Exercise:
Set down only these lines, exactly: the line containing "Spicy Paneer Pizza" and all lines through the end of the data below. Omit pictures.

Entries supplied:
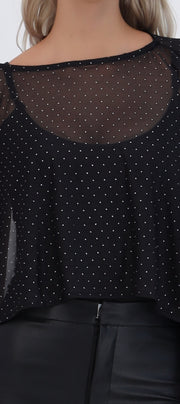 Capa mesh brillos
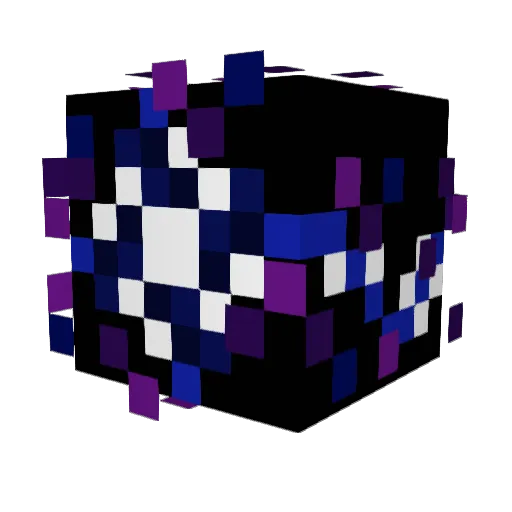 miner_man_leah Minecraft avatar head, 3D render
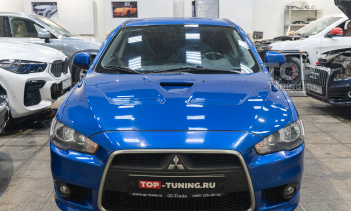 108341 Тюнинг Mitsubishi Lancer X: капот и спойлер EVO под ключ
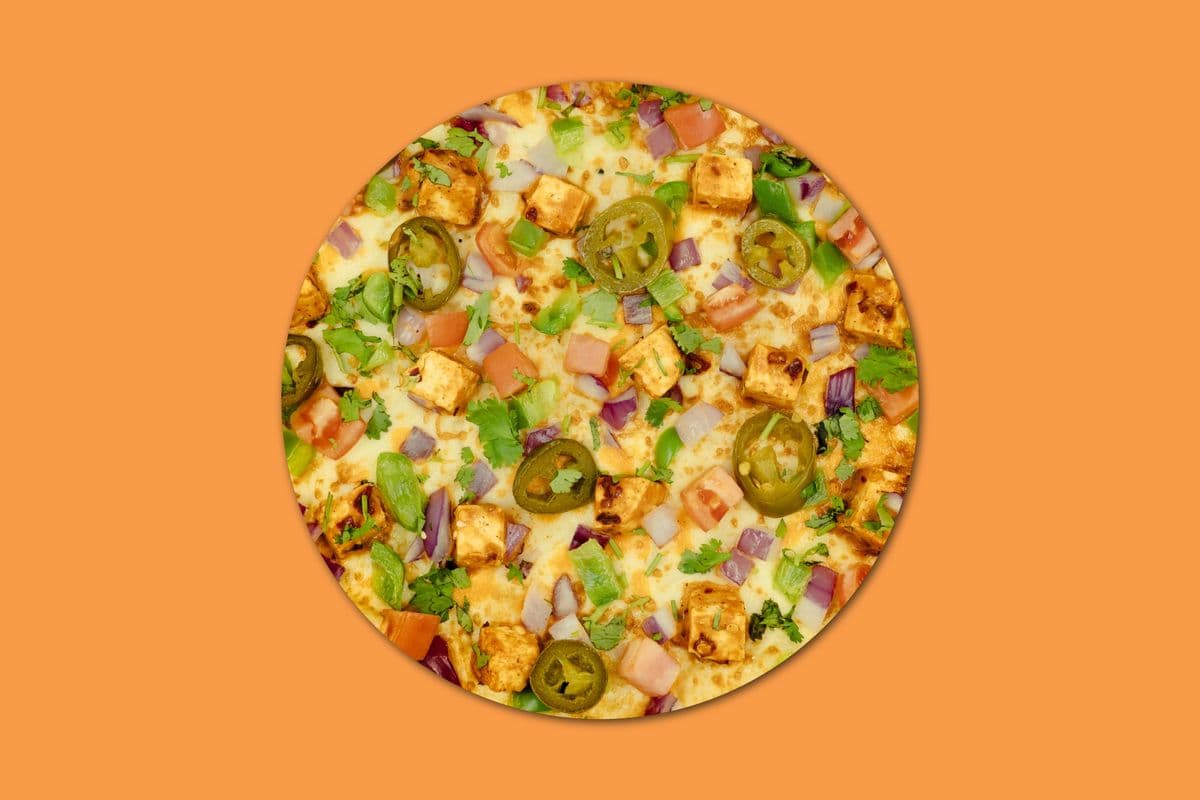 32. 8" Personal Spicy Paneer Pizza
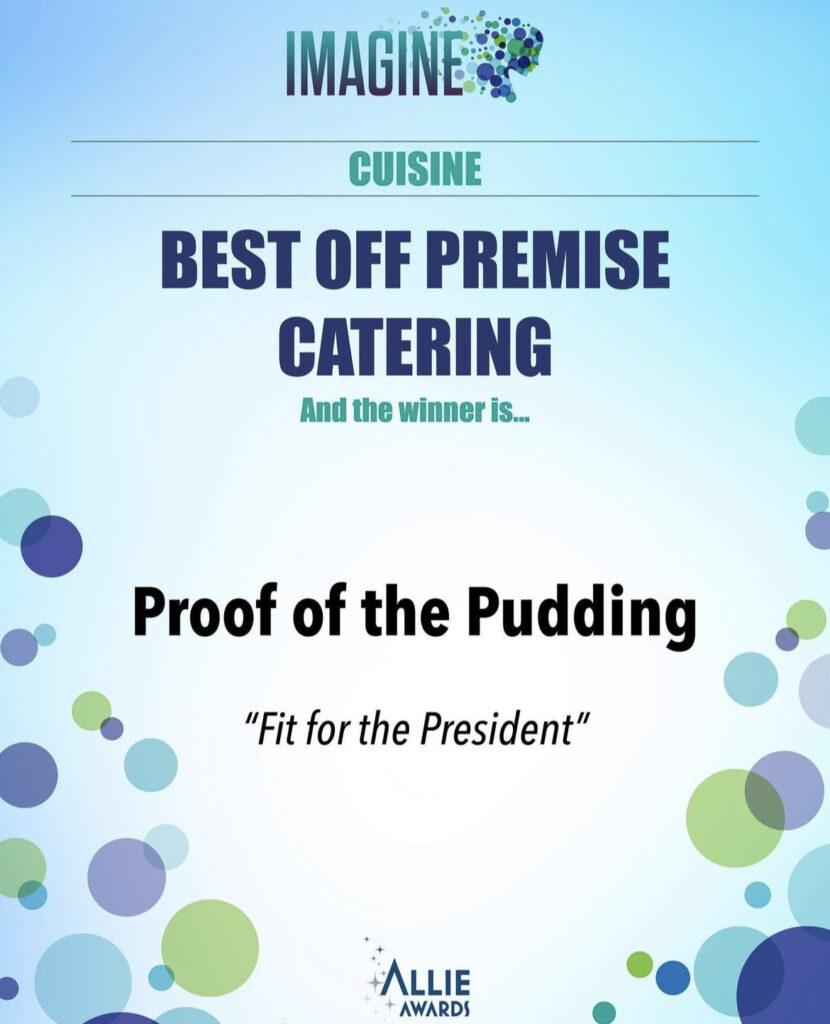 Allie Award - Best Off Premise Catering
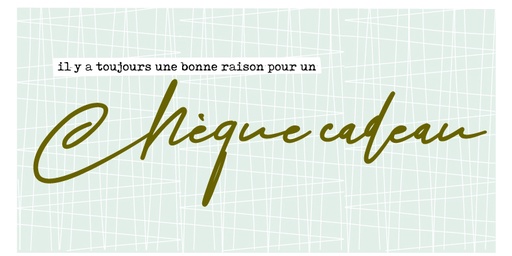 [KBF080] Chèque  cadeau  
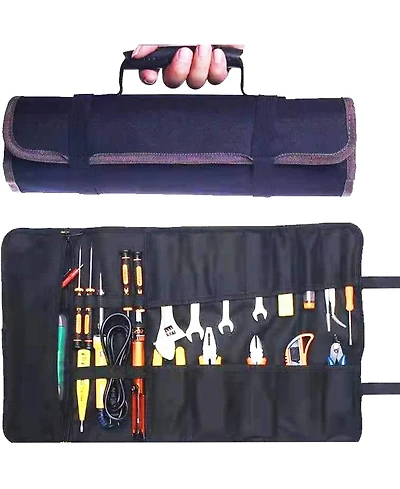 Xdovet 23 Pocket Tool Bag Roll Up for Men Birthday gifts, Portable Tool Storage with Zipper Pouch, Compact Small Toolbag for Handyman Rv Owners, Fathe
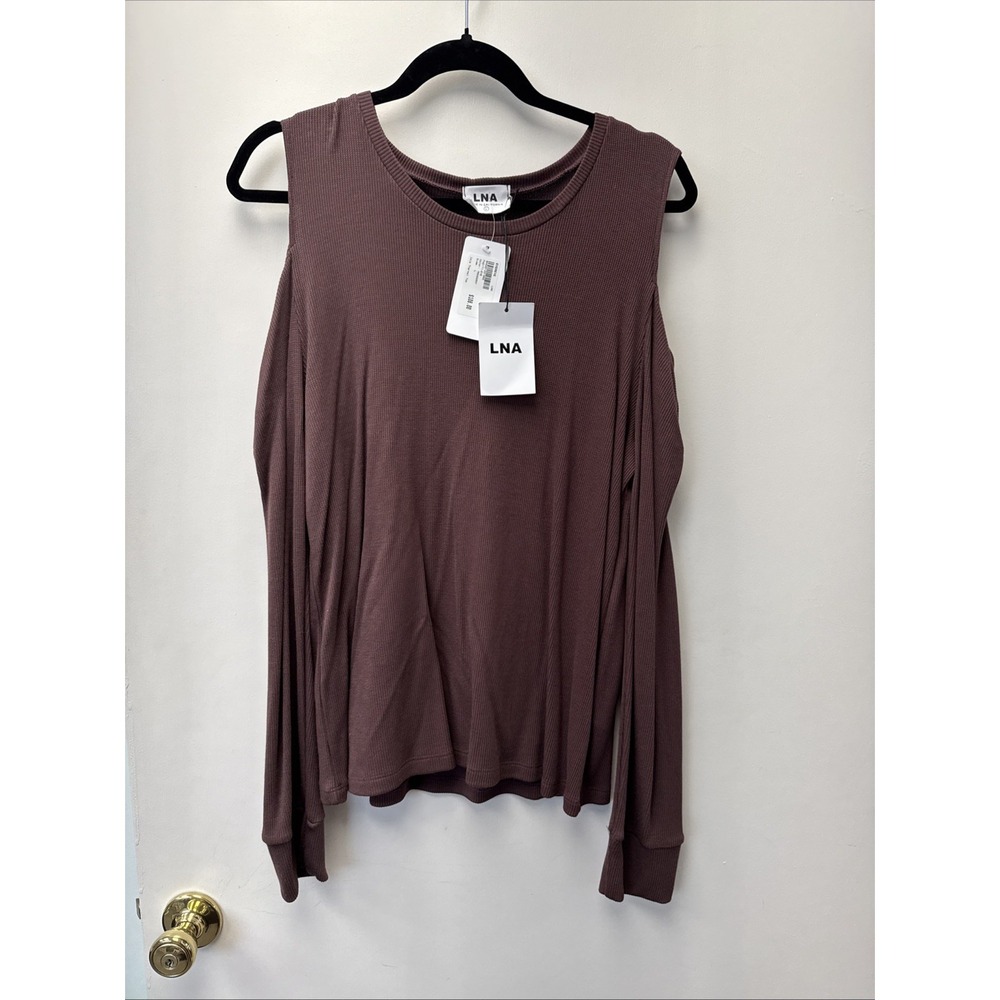 LNA Peek‎ A Boo Shoulder Shirt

Exercise answer:
 32. 8" Personal Spicy Paneer Pizza
 Allie Award - Best Off Premise Catering
 [KBF080] Chèque  cadeau  
 Xdovet 23 Pocket Tool Bag Roll Up for Men Birthday gifts, Portable Tool Storage with Zipper Pouch, Compact Small Toolbag for Handyman Rv Owners, Fathe
 LNA Peek‎ A Boo Shoulder Shirt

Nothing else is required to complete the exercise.